開発部門と運用部門が連携する開発手法「DevOps」のエンジニア需要は高まる傾向にある。フルスタック開発者と同じく、設計から開発、テスト、デプロイ(実装)、運用まで、ソフトウェア開発のライフサイクル全体に関与できるからだ。大半の開発者はプログラミングやテストといった開発プロセスの一部に特化した専門性を持つが、DevOpsエンジニアは幅広いスキルを持つ。
DevOpsではソフトウェアの絶え間ないアップデートとデリバリーが欠かせない他、ターンアラウンドタイム(命令を出してから処理が完了するまでの時間)の短縮が求められる。そのため、DevOpsエンジニアはプレッシャーに強い傾向がある。
企業や政府機関といった組織が直面するサイバー脅威は拡大しており、セキュリティ専門家の需要は強まっている。組織が攻撃による侵害を受けた場合、多額の罰金や刑罰を招く可能性がある。民間か公的かを問わず、全ての組織にとってサイバー脅威は深刻な問題だ。
セキュリティ専門家の主な仕事は、システムにおける脆弱(ぜいじゃく)性の特定やセキュリティ対策の実施、インシデント対処などだ。一般的なセキュリティ専門家の担当領域は、セキュリティツールを導入するユーザー企業のシステムだが、セキュリティソフトウェアの開発に携わることもある。オープンソースソフトウェア(OSS)の普及に伴い、ソースコードを見るだけで脆弱性を発見できる場合もある。
近年、スマートフォンやタブレットで利用するモバイルアプリケーションの使用が一般的になった。手のひらサイズの小さな画面上で動き、十分に保護されていないネットワークを介した通信が発生するモバイルアプリケーションの開発には、PCやWebアプリケーションとは異なるスキルが必要だ。AppleのモバイルOS「iOS」向け開発言語「Swift」やモバイルOS「Android」向け開発言語「Kotlin」の他、モバイルアプリケーション開発フレームワーク(モバイルアプリケーション開発に必要な機能の集合体)に関する知識が求められる。

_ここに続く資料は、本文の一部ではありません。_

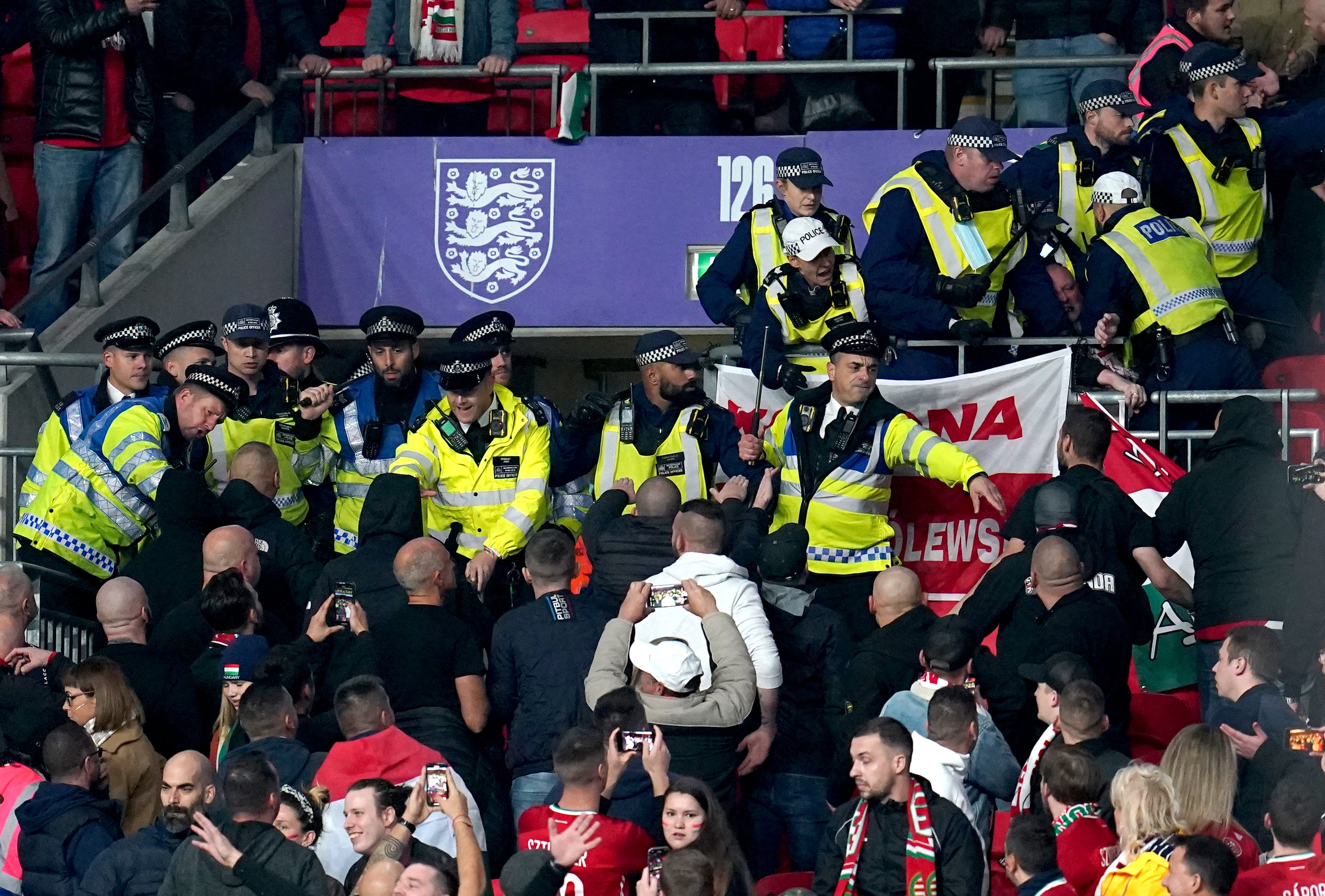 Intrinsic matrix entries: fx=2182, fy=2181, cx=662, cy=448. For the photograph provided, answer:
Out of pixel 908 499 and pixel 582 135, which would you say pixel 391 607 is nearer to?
pixel 908 499

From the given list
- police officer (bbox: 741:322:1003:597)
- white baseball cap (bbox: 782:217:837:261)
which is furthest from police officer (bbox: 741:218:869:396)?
police officer (bbox: 741:322:1003:597)

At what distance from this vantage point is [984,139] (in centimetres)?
1109

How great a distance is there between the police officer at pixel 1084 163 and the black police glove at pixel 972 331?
0.98 meters

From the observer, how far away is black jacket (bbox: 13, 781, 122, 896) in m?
8.00

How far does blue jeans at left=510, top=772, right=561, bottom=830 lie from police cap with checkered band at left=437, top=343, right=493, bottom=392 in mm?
2395

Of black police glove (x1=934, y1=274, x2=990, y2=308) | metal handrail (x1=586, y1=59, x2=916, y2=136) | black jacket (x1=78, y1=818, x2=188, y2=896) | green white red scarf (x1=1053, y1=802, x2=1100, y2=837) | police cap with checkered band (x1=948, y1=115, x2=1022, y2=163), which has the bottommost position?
black jacket (x1=78, y1=818, x2=188, y2=896)

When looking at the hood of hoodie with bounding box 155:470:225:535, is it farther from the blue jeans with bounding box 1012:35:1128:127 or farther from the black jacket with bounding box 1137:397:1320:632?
the blue jeans with bounding box 1012:35:1128:127

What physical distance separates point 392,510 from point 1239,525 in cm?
366

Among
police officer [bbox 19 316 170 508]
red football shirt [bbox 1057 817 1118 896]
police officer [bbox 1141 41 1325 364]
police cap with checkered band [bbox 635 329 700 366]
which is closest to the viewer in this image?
red football shirt [bbox 1057 817 1118 896]

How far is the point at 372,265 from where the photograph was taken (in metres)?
14.0

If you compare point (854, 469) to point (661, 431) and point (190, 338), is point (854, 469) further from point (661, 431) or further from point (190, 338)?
point (190, 338)

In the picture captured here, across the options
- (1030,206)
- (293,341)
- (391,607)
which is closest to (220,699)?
(391,607)

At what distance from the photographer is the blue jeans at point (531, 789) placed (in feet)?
28.7

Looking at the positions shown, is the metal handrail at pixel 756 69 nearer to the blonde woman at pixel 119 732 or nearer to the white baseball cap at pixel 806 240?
the white baseball cap at pixel 806 240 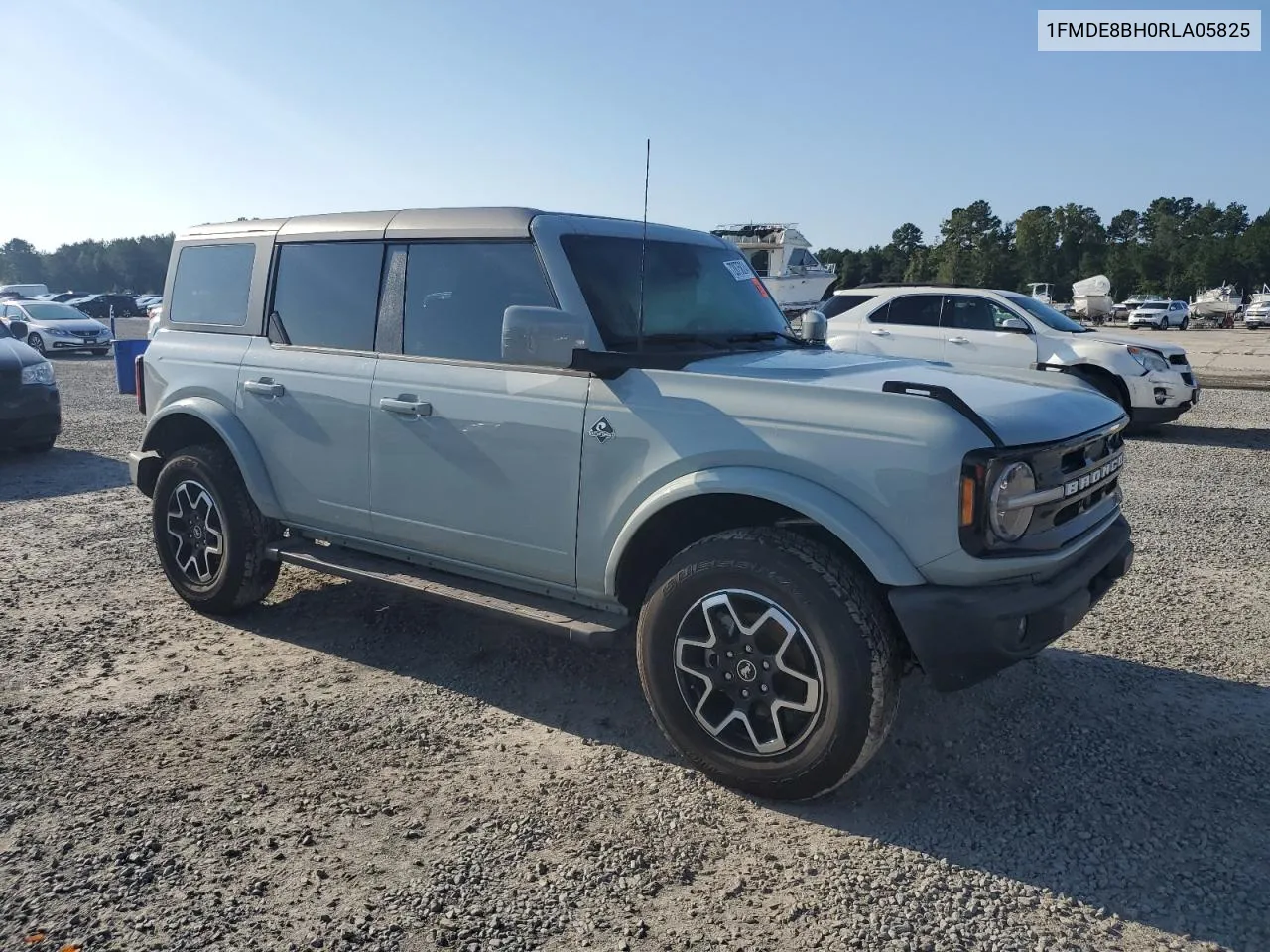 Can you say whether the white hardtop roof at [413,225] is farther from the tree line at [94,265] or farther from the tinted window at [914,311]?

分散型台帳の技術である「ブロックチェーン」は、安全かつ透明性のあるトランザクション(複数の処理を1つの単位で実行する一連の処理)を可能にする技術だ。特にサプライチェーン管理や金融サービス、医療サービスといった分野で活用が進んでいる。
ブロックチェーンは比較的新しい分野のため、熟練のブロックチェーン開発者がほとんど存在せず、かつスキル習得は易しくない。その事情がブロックチェーン開発者の需要を高めていると言える。ブロックチェーンのソースコードはオープンソースのため、無料で学習ツールを利用したり、開発者コミュニティーへ参加したりできる。

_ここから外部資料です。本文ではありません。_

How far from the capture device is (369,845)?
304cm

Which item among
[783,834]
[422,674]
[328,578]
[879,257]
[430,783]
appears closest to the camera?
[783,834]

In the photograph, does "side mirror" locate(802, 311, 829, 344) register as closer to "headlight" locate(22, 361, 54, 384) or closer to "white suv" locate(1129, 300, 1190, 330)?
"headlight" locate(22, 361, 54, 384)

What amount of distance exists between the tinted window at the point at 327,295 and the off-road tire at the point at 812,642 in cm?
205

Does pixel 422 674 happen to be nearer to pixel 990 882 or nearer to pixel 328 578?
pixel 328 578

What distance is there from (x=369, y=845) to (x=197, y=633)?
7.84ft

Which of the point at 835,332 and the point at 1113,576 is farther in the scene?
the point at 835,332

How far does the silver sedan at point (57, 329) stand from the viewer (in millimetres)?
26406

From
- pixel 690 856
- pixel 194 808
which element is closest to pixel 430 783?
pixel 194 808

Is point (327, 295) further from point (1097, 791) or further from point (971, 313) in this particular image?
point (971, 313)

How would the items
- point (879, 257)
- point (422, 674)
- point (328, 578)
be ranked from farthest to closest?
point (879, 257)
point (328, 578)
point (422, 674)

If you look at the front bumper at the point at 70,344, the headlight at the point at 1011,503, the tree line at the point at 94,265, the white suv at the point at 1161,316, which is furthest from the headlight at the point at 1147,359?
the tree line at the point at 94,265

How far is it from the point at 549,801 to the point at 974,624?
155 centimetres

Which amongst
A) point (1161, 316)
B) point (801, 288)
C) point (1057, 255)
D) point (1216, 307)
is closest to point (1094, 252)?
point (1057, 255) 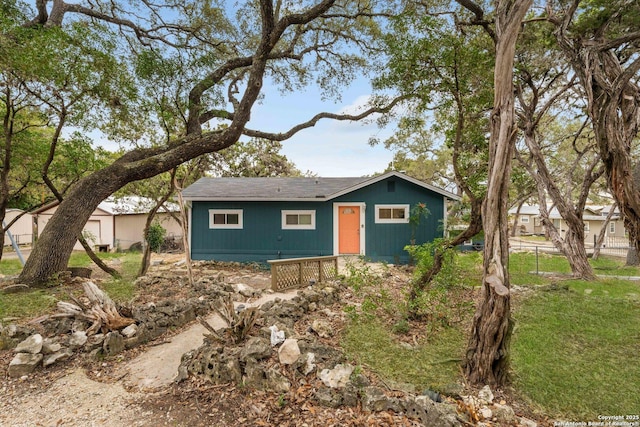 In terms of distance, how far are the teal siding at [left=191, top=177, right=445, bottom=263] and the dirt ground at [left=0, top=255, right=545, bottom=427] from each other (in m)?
7.25

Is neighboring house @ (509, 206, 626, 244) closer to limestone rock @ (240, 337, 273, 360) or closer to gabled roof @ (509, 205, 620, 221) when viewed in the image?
gabled roof @ (509, 205, 620, 221)

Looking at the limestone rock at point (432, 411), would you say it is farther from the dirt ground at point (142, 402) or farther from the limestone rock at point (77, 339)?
the limestone rock at point (77, 339)

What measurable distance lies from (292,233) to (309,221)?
29.2 inches

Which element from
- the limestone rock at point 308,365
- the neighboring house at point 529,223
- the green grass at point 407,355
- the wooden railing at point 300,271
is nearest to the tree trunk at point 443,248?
the green grass at point 407,355

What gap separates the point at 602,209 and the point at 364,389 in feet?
123

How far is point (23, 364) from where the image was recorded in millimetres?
3344

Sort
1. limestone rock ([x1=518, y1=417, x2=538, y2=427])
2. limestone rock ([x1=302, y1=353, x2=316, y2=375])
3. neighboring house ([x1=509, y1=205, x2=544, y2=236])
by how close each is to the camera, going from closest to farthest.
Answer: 1. limestone rock ([x1=518, y1=417, x2=538, y2=427])
2. limestone rock ([x1=302, y1=353, x2=316, y2=375])
3. neighboring house ([x1=509, y1=205, x2=544, y2=236])

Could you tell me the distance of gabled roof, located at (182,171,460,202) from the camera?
34.3 feet

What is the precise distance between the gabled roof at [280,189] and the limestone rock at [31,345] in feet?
24.1

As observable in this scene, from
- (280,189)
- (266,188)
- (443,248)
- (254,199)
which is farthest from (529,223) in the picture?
(443,248)

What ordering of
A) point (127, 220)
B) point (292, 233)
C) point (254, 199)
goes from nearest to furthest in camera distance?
point (254, 199) → point (292, 233) → point (127, 220)

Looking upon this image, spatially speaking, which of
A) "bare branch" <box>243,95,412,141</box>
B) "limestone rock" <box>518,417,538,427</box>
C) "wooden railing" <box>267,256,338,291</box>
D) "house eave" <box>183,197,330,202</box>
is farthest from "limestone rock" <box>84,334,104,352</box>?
"house eave" <box>183,197,330,202</box>

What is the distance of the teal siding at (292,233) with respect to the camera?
34.2ft

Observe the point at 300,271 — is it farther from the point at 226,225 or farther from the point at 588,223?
the point at 588,223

ユーザーインタフェース(UI)やユーザーエクスペリエンス(UX:ユーザーの体験価値)は、ユーザーが感じる“使い勝手の良しあし”に大きく影響する。UI、UXの設計に特化したデザイナーがいるのはそのためだ。アプリケーションやWebサイトを、直感的で操作しやすく、かつ魅力あるビジュアルになるように構築するのがUIデザイナーやUXデザイナーの仕事だ。主な業務はプログラミングではなく、レイアウト設計が中心になる。
クラウドエンジニアは、クラウドインフラの設計や、クラウドサービスを使ったシステムの構築、管理を担う。クラウドコンピューティングが人気になるのと同時に、その利用形態に変化が見られる。当初、企業はクラウドサービスをオンプレミスインフラの代替だと見なし、全システムをクラウドサービスに移行する企業も存在した。しかし、時間がたつにつれてクラウドサービスは完全無欠ではないことが明らかになった。近年は「Amazon Web Services」「Microsoft Azure」「Google Cloud」などのクラウドサービスとオンプレミスインフラを併用する「ハイブリッドクラウド」が企業の間で主流となっている。

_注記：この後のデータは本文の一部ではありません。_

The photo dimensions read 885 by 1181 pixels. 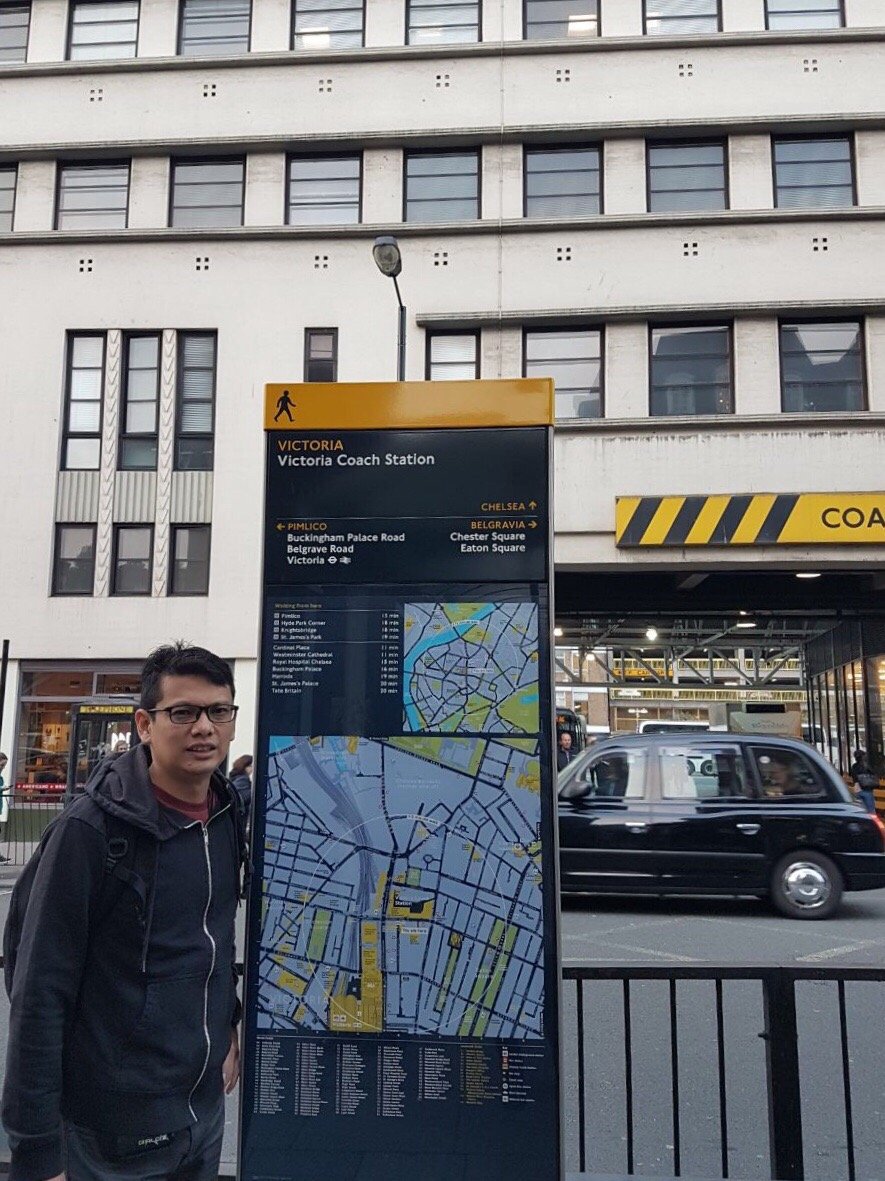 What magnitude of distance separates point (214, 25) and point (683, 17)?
31.8 ft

拡張現実(AR)と仮想現実(VR)の普及は困難を極めている。その主な理由が、ユーザーが重たいヘッドセットを装着しなくてはならない点だ。一方で、そうしたデメリットがあるにもかかわらず、ゲームや教育、顧客サービス、修理、建築などの分野ではARとVRの活用が進んでいる。
AR、VRの開発者は、インタラクティブで没入感のある仮想空間の構築を担う。AR、VR用のヘッドセットが搭載できる計算能力は限られており、開発者は限られた処理能力の中でリアリティーのある世界を構築する必要がある。仮想空間のリアリティーが増す程、開発の難易度は高くなる傾向にある。
機械学習をはじめとする人工知能(AI)技術はさまざまな企業が期待を寄せる分野だが、複雑なスキルが必要とされるためスキル習得は容易ではない。機械学習モデルの開発にはデータを必要とするため、訓練に使うデータの質が機械学習モデルの出来を左右する。そのため機械学習の開発プロセスではデータの収集と準備が極めて重要だが、かなりの手間や時間が掛かる上、大半の人がつまらないと感じる傾向にある。
機械学習のアルゴリズムには「線形回帰」「ロジスティック回帰」「決定木」「ニューラルネットワーク」などさまざまな種類がある。それぞれ長所と短所があり、プロジェクトに合わせて適切な手法を選ぶ必要がある。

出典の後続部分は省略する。